## EXTRACTED MATERIAL

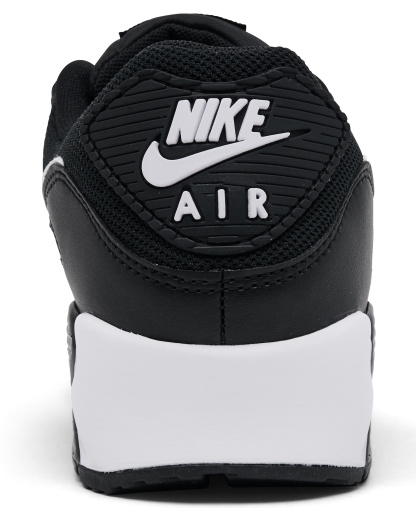 Nike Women's Air Max 90 Casual Sneakers from Finish Line - Black, White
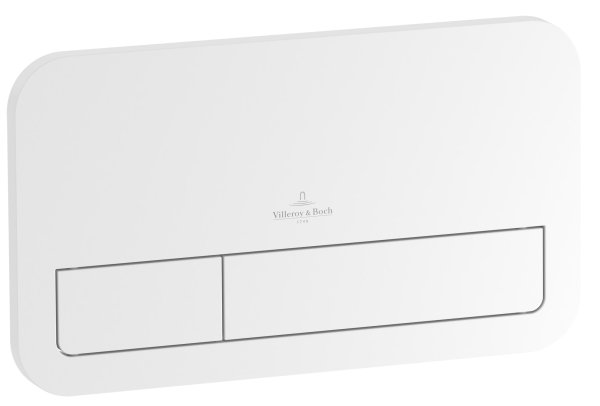 Villeroy & Boch ViConnect 200S Dual Flush Plate - White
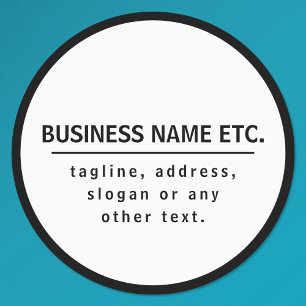 事業名・スローガンその他の文字  黒と白 ラベル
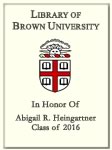 Abigail R. Heingartner, Class of 2016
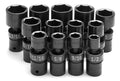SK 13-Piece Swivel SAE Impact Socket Set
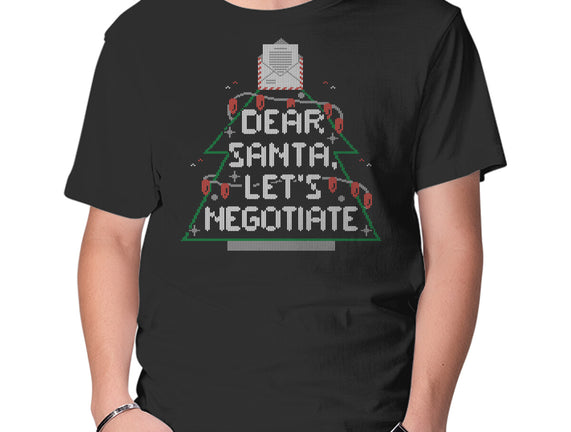 Dear Santa Let's Negotiate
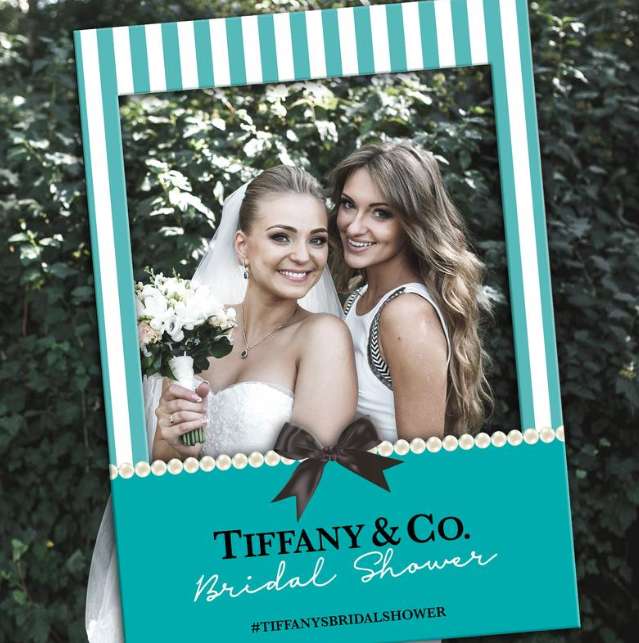 tiffany and co bridal shower centerpieces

## TASK TO COMPLETE
Restate the records above word for word. Skip every picture.

## YOUR SOLUTION
 Nike Women's Air Max 90 Casual Sneakers from Finish Line - Black, White
 Villeroy & Boch ViConnect 200S Dual Flush Plate - White
 事業名・スローガンその他の文字  黒と白 ラベル
 Abigail R. Heingartner, Class of 2016
SK 13-Piece Swivel SAE Impact Socket Set
 Dear Santa Let's Negotiate
 tiffany and co bridal shower centerpieces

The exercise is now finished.